[Records from a data collection]
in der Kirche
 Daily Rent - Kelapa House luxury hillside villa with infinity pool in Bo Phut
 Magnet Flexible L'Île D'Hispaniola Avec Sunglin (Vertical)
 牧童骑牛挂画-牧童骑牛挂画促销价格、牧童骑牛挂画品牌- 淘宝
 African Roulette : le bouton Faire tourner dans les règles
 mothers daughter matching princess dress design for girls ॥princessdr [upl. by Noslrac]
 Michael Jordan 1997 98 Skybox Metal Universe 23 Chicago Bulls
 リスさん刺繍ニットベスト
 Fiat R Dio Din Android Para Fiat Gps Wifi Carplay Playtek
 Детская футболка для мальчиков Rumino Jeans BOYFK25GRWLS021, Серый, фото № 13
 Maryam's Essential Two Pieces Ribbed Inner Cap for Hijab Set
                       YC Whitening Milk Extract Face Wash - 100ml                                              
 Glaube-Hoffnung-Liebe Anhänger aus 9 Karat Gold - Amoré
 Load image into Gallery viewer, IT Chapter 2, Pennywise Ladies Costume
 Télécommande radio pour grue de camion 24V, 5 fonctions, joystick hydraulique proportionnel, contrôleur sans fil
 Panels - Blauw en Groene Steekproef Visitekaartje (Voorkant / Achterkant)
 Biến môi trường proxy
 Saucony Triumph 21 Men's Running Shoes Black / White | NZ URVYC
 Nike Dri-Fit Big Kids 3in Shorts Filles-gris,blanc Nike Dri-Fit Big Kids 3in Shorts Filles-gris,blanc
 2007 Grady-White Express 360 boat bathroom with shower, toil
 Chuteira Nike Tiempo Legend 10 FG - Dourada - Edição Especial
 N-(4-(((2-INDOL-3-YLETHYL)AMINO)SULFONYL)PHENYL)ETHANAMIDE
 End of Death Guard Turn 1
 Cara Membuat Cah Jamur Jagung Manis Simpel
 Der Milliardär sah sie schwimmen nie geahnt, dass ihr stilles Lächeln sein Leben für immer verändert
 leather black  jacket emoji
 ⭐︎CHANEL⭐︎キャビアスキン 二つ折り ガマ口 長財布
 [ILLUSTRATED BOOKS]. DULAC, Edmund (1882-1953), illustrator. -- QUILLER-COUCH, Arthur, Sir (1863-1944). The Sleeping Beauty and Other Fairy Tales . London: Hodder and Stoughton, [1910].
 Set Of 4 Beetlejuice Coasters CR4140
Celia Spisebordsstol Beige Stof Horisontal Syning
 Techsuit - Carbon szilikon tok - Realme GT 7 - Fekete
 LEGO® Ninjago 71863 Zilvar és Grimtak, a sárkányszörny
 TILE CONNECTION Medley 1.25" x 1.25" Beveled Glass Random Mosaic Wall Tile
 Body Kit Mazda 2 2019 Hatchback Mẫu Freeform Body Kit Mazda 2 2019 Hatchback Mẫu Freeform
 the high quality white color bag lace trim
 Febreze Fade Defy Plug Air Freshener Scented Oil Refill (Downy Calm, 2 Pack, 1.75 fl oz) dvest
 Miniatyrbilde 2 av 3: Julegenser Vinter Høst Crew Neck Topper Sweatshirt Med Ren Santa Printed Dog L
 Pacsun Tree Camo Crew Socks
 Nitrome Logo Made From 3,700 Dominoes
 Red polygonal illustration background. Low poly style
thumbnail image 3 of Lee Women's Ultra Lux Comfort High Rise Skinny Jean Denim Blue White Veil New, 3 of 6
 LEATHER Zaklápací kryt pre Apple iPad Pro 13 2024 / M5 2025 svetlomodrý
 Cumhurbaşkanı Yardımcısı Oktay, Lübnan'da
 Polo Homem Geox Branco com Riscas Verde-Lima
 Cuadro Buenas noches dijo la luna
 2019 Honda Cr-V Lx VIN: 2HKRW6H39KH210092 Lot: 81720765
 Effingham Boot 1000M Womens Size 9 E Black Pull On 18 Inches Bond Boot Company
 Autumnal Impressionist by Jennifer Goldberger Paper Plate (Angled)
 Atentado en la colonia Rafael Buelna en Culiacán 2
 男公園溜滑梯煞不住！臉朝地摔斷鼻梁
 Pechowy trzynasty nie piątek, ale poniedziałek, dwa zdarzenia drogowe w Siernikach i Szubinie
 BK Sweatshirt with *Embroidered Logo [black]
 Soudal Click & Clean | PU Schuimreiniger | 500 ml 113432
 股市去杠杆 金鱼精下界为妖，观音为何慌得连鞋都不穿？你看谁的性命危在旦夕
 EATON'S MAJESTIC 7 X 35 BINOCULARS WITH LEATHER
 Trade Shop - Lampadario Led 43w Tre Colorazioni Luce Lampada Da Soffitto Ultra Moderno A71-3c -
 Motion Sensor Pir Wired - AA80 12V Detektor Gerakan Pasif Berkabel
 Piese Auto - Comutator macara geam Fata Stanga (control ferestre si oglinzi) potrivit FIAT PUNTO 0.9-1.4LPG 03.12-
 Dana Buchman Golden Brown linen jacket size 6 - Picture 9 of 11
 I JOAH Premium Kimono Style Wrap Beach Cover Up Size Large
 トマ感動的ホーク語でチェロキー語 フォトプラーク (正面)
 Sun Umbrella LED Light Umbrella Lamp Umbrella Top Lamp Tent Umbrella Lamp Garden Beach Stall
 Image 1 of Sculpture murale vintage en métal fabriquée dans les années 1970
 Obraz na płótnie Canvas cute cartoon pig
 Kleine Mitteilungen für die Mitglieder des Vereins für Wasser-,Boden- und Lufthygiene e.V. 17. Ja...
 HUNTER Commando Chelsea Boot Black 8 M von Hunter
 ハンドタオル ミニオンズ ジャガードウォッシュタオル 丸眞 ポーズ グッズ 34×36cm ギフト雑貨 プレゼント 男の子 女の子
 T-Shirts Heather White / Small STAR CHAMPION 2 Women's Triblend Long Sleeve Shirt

EXERCISE BRIEF:
Copy every line of the data above, beginning with the first and ending with the line that contains "LEGO® Ninjago 71863", and give nothing more.

EXERCISE RESPONSE:
in der Kirche
 Daily Rent - Kelapa House luxury hillside villa with infinity pool in Bo Phut
 Magnet Flexible L'Île D'Hispaniola Avec Sunglin (Vertical)
 牧童骑牛挂画-牧童骑牛挂画促销价格、牧童骑牛挂画品牌- 淘宝
 African Roulette : le bouton Faire tourner dans les règles
 mothers daughter matching princess dress design for girls ॥princessdr [upl. by Noslrac]
 Michael Jordan 1997 98 Skybox Metal Universe 23 Chicago Bulls
 リスさん刺繍ニットベスト
 Fiat R Dio Din Android Para Fiat Gps Wifi Carplay Playtek
 Детская футболка для мальчиков Rumino Jeans BOYFK25GRWLS021, Серый, фото № 13
 Maryam's Essential Two Pieces Ribbed Inner Cap for Hijab Set
                       YC Whitening Milk Extract Face Wash - 100ml                                              
 Glaube-Hoffnung-Liebe Anhänger aus 9 Karat Gold - Amoré
 Load image into Gallery viewer, IT Chapter 2, Pennywise Ladies Costume
 Télécommande radio pour grue de camion 24V, 5 fonctions, joystick hydraulique proportionnel, contrôleur sans fil
 Panels - Blauw en Groene Steekproef Visitekaartje (Voorkant / Achterkant)
 Biến môi trường proxy
 Saucony Triumph 21 Men's Running Shoes Black / White | NZ URVYC
 Nike Dri-Fit Big Kids 3in Shorts Filles-gris,blanc Nike Dri-Fit Big Kids 3in Shorts Filles-gris,blanc
 2007 Grady-White Express 360 boat bathroom with shower, toil
 Chuteira Nike Tiempo Legend 10 FG - Dourada - Edição Especial
 N-(4-(((2-INDOL-3-YLETHYL)AMINO)SULFONYL)PHENYL)ETHANAMIDE
 End of Death Guard Turn 1
 Cara Membuat Cah Jamur Jagung Manis Simpel
 Der Milliardär sah sie schwimmen nie geahnt, dass ihr stilles Lächeln sein Leben für immer verändert
 leather black  jacket emoji
 ⭐︎CHANEL⭐︎キャビアスキン 二つ折り ガマ口 長財布
 [ILLUSTRATED BOOKS]. DULAC, Edmund (1882-1953), illustrator. -- QUILLER-COUCH, Arthur, Sir (1863-1944). The Sleeping Beauty and Other Fairy Tales . London: Hodder and Stoughton, [1910].
 Set Of 4 Beetlejuice Coasters CR4140
Celia Spisebordsstol Beige Stof Horisontal Syning
 Techsuit - Carbon szilikon tok - Realme GT 7 - Fekete
 LEGO® Ninjago 71863 Zilvar és Grimtak, a sárkányszörny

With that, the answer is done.